There is no evidence of widespread voter fraud in Florida, and Scott's search for ineligible voters is looking for the proverbial needle in the haystack. Out of more than 11 million registered voters, state officials started with a list of potential suspects of more than 180,000. Then they sent a list of 2,625 suspects to elections supervisors that was so flawed the supervisors put a stop to the purge effort. Then the state agreed to abandon that list, ran names through a federal database of noncitizens and finally emailed a list Wednesday of 198 potentially ineligible voters. That's 198 out of 11,446,540 registered voters.
After all of that, the state's list still cannot be trusted. In Hillsborough County, the number of suspects has dropped from 72 to two — and both of those names already have been removed from the voter registration rolls. In Pinellas County, the number dropped from 36 to five. Two of those already have been removed from the rolls and two others have remained on the rolls because their status is uncertain. It's even more of a mess in South Florida, where 119 are on the lists in Miami-Dade, Broward and Palm Beach counties. The Miami Herald reports some of the residents on those lists insist they are citizens, some acknowledge they are not and some who records show have voted in previous elections deny that they did. No one should vote illegally, and anyone who does should face criminal charges. But this is not a responsible way to ensure the integrity of voting rolls that turn out to be very well managed by county elections supervisors.

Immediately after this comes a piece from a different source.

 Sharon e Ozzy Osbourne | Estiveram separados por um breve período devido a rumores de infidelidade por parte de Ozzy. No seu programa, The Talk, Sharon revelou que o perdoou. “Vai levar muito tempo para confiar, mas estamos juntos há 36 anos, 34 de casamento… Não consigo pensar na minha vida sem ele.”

With overseas ballots already out and mail ballots set to be sent Tuesday, there is no time to do this right. Elections supervisors have to do their own research on each voter on the state's list, and they do not even have access yet to the federal database to check the state's work. Then they must send certified letters to those they believe are potential noncitizens, who have 30 days to show proof that they are citizens and eligible to vote. Good luck getting all of this done before someone votes by mail or before the Nov. 6 election. The rights of a citizen to vote should not be chilled by a threatening letter that turns out to be based on wrong information as ballots are being distributed.
It is no surprise that the state's list of potentially ineligible voters is disproportionately filled with Democrats, Hispanics and African-Americans. What is surprising is that a Republican governor who claims to represent all Floridians and demands data-driven results stubbornly refuses to abandon such a fundamentally flawed, unfair effort. As Pinellas Supervisor of Elections Deborah Clark told the Tampa Bay Times editorial board Thursday, "I'm so sorry Florida is doing this right now. This does not reflect positively on Florida's election process.''
No, it doesn't. This is shameless voter suppression insisted upon by the governor. It it is exactly the reason why federal law prohibits voter roll purges within 90 days of an election, and the courts should stop this fiasco before it goes any further. If a judge won't, it will be up to county elections supervisors once again to protect legitimate voters from their state government.